### EXERCISE REQUIREMENTS
Output all of the data exactly as it appears, but leave out any pictures it contains.

[INFORMATION PROVIDED]

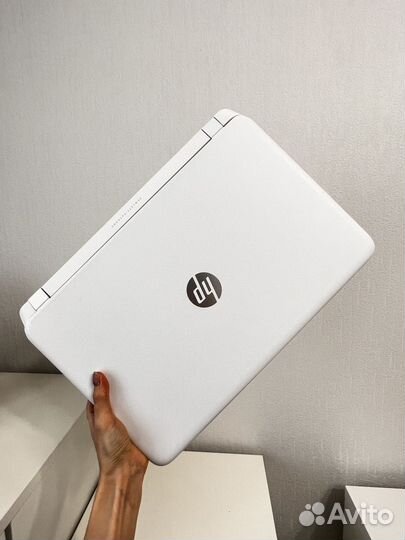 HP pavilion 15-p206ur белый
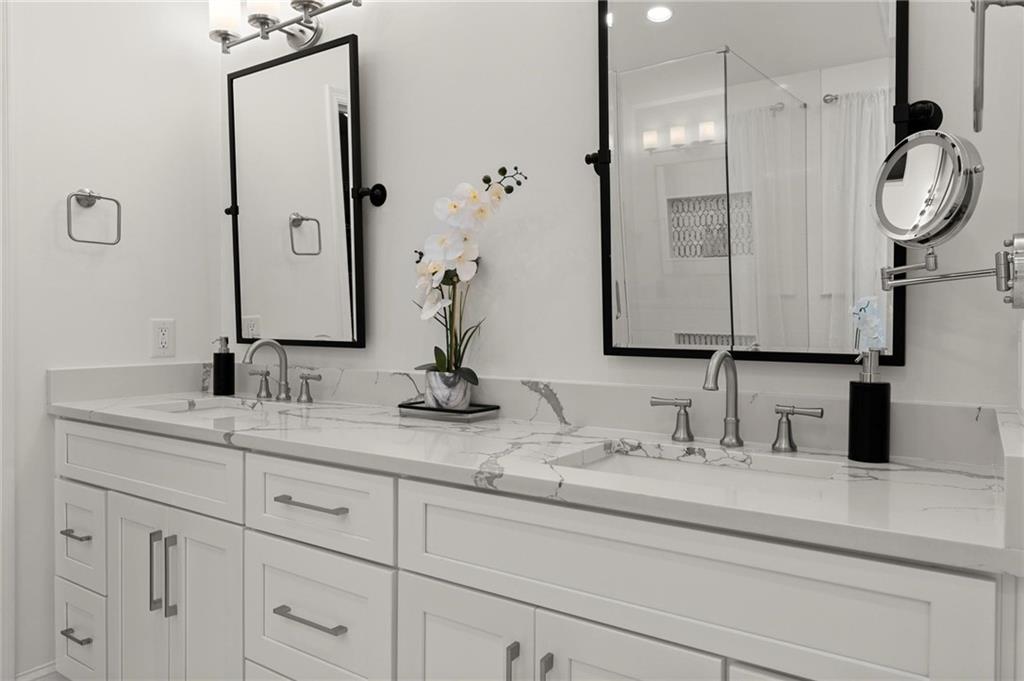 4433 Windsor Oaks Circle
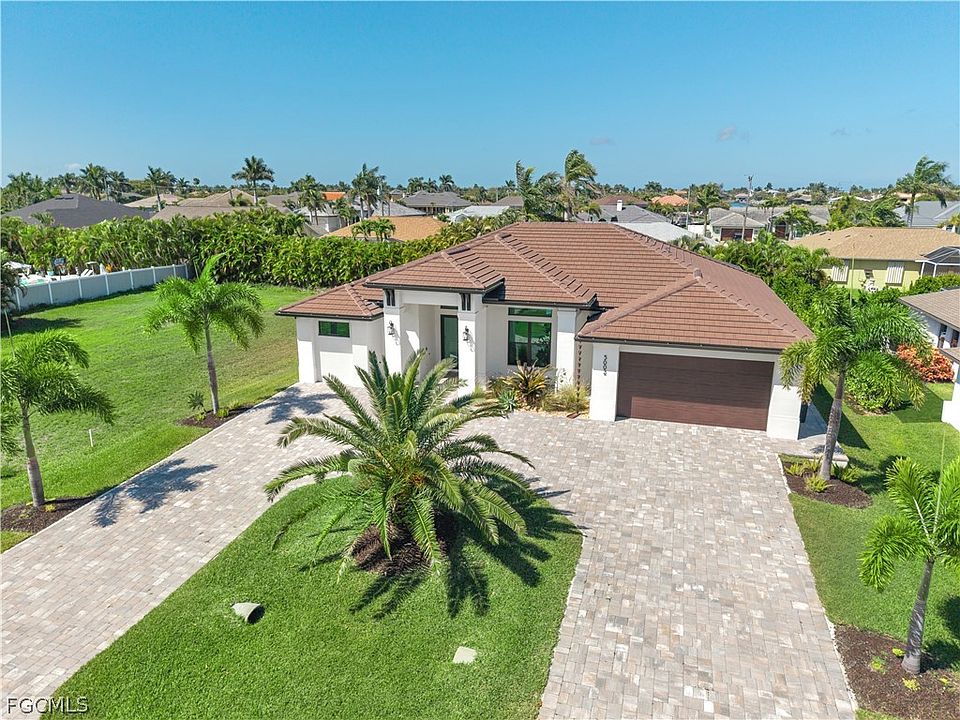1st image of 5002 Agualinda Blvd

[/INFORMATION PROVIDED]

### PROBLEM SOLUTION
 HP pavilion 15-p206ur белый
 4433 Windsor Oaks Circle
1st image of 5002 Agualinda Blvd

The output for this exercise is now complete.